The city council’s land use committee voted Friday to fast-track a change to the land use code that will allow a new 50,000-square-foot practice facility for the Seattle Storm WNBA team on industrial land owned by Storm co-owner Ginny Gilder in Interbay. Mayor Jenny Durkan, who is friends with (and received a campaign contribution from) Gilder, requested the change, which will allow the Storm to build a sports complex five times larger than what’s currently allowed.

“Seattle has a long tradition of investing in its professional sports franchises,” Gilder said during public comment at a committee meeting earlier this week, pointing to stadiums and practice facilities the city has helped build for the Seahawks, Mariners, Sounders, and the new NHL team, the Kraken. “Now the city has an opportunity to demonstrate its commitment to equity, to step forward and expand that tradition of support to its sole professional women’s sports franchise, the Seattle Storm.”

On Friday, committee chair Dan Strauss said, “It’s important that we show the same support for our most winningest team, the Seattle Storm who have more championships than any of [Seattle’s men’s] teams … combined.”

Critics have argued that the exemption, which would bar any similar facilities in a one-mile radius once the Storm practice site is built, constitutes an illegal “spot zone” to benefit one property owner; defenders of the move, including Strauss, have said that because the bill is a code amendment, not a zoning change, it can’t be considered spot zoning. “Because [a sports practice facility] is a use that is already allowed in these zones, it cannot be inconsistent with the surrounding uses,” Strauss said.

Durkan’s office offered another reason they believe the proposal is “not a spot rezone”: Technically, it impacts 45 parcels, any one of whose owners could theoretically propose a sports complex before the Storm does. “Any owner of eligible property could make use of the provision,” a spokeswoman, Chelsea Kellogg, said.
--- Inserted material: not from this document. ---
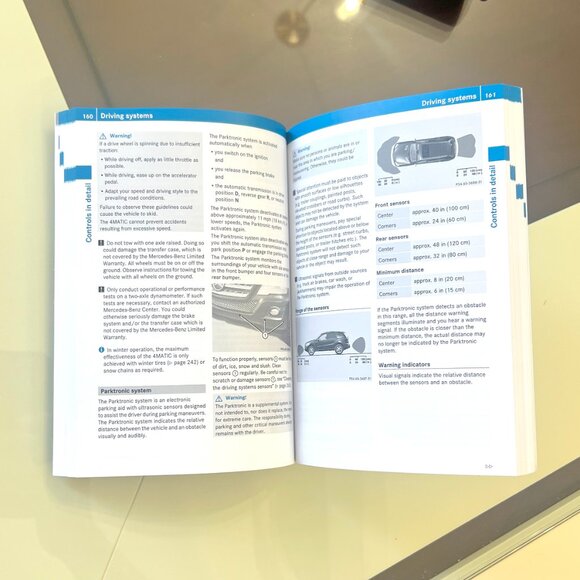 Mercedes-Benz 2010 ML-Class Owner Manuals with Portfolio! - Picture 4 of 16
This is a legal fiction—in addition to Gilder, Storm star Sue Bird gave public comment in favor of the change, and Juarez suggested a “no” vote would be a blow against professional women’s sports teams and feminism at large—but it may not matter: Unless someone sues to stop the project, the mayor and council’s legal theory won’t have to stand up in court.

At the same time, and contradicting their claims that the sports facility will be virtually unnoticeable to the public, proponents of the practice facility argue that it would benefit the surrounding community by providing recreational space and creating a nexus with the Interbay Athletic Complex, which is located a few blocks away across busy West Dravus Street.
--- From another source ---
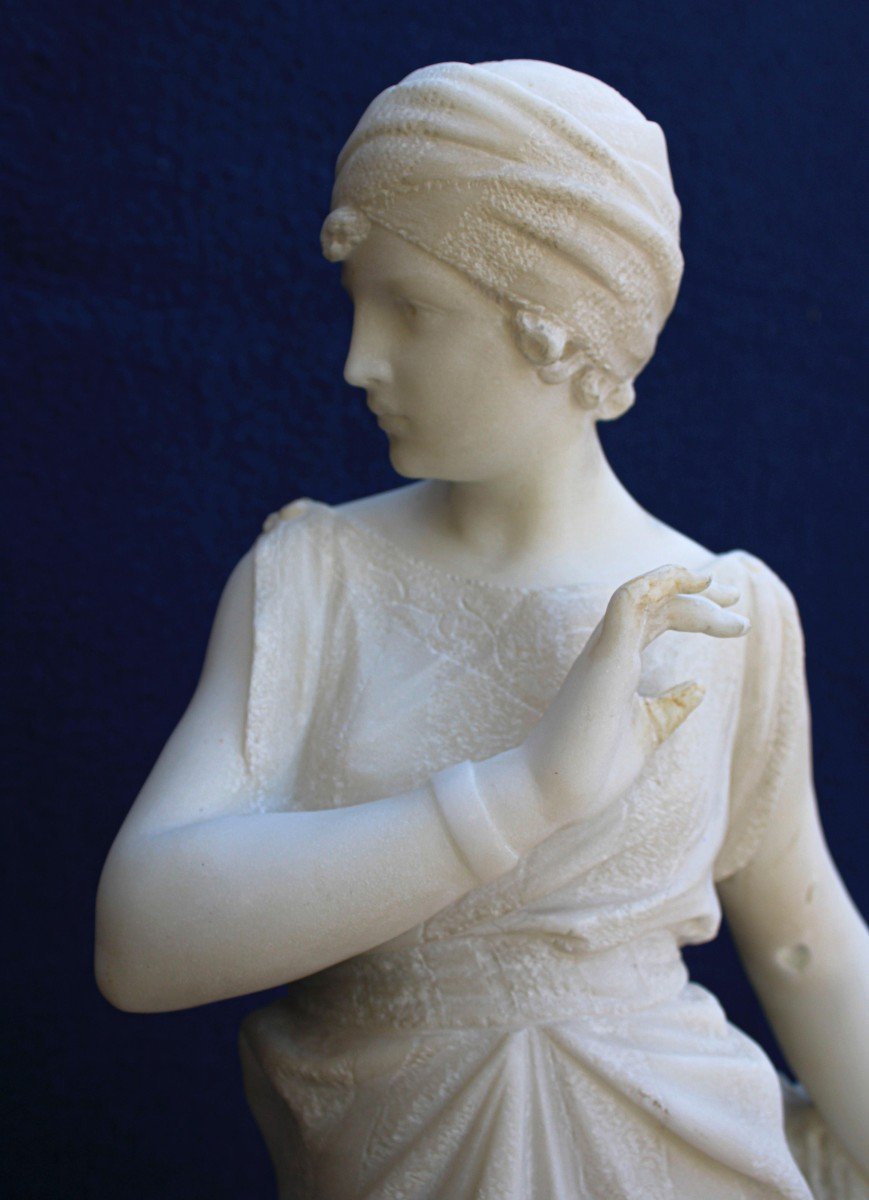 Statue Représentant Une Jeune Fille Délicate-photo-3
Beyond questions of legality, the exemption is completely at odds with the city’s policy of “preserving industrial lands for industrial use,” which was one of Durkan’s top campaign promises to labor unions who supported her. Just last month, a Durkan-appointed task force, which included Gilder, adopted a new industrial lands policy that includes new restrictions on housing and other non-industrial uses in industrial areas. That work group also proposed an amendment to the city’s give plan that would make it virtually impossible to rezone industrial land in the future. Durkan’s office has also proposed legislation that would set new limits on the size of retail stores and storage facilities in industrial areas.
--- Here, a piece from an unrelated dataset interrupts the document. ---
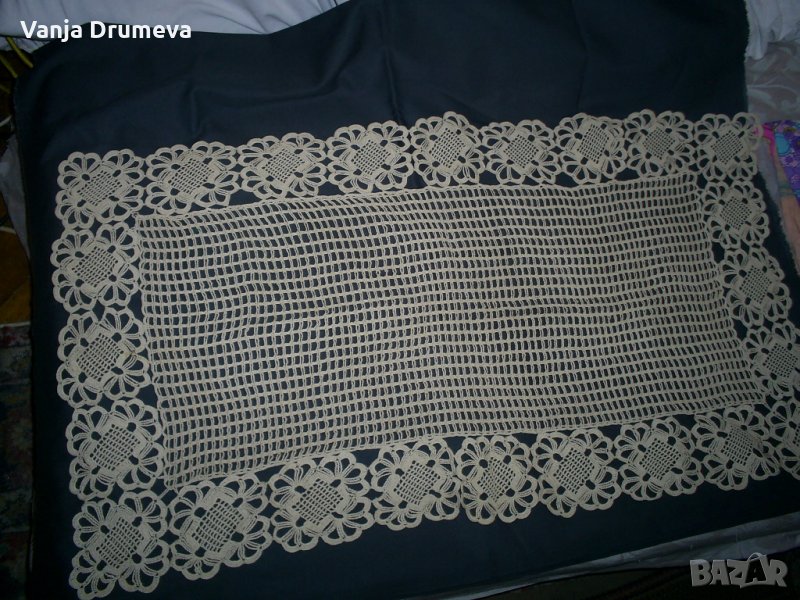 голямо каре плетено на една кука, снимка 1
Supporters say allowing a large new sports facility in an industrial area doesn’t conflict with the goal of “keeping industrial lands industrial,” because the legislation is narrowly tailored and wouldn’t produce the kind of car traffic and street life a retail building or housing would. Councilmember Andrew Lewis, who represents the area, said, “The planning department made a determination, which I agree with, that it’s somewhat compatible with the uses in the area”—a sliver of Interbay near the BNSF railroad tracks that is not currently in heavy industrial use. “It’s not like we’re taking this land and permanently getting rid of any industrial application for it” by changing the underlying zoning, he said.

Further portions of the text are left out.